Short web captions
- Opening Delimiter -
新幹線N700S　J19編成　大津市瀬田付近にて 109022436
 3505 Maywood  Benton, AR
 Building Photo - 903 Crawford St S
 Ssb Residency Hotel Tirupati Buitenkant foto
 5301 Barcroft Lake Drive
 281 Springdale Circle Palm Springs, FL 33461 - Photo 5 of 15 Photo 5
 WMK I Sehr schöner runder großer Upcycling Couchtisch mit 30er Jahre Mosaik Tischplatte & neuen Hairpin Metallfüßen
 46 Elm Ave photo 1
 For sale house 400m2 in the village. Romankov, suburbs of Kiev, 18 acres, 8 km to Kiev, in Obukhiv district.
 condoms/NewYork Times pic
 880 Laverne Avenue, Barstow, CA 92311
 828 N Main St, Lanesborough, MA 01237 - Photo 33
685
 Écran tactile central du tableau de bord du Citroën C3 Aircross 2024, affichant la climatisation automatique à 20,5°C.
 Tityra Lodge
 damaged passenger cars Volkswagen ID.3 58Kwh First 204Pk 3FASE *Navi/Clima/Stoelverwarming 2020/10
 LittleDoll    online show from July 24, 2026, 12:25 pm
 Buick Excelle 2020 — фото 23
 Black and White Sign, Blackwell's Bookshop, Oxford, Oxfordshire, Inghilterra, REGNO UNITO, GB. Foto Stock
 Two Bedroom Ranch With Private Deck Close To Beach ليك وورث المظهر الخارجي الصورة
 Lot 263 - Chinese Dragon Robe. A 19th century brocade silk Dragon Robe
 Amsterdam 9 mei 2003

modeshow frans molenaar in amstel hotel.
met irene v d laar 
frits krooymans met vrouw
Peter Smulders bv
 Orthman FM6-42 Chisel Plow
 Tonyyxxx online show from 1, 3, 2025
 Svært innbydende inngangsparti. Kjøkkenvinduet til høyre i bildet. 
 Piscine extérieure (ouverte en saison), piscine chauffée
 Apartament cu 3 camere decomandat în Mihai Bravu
- Closing Delimiter -
TASK ▸
Your task is to return each line of the data above that contains the string "from".

ANSWER ▸
 LittleDoll    online show from July 24, 2026, 12:25 pm
 Tonyyxxx online show from 1, 3, 2025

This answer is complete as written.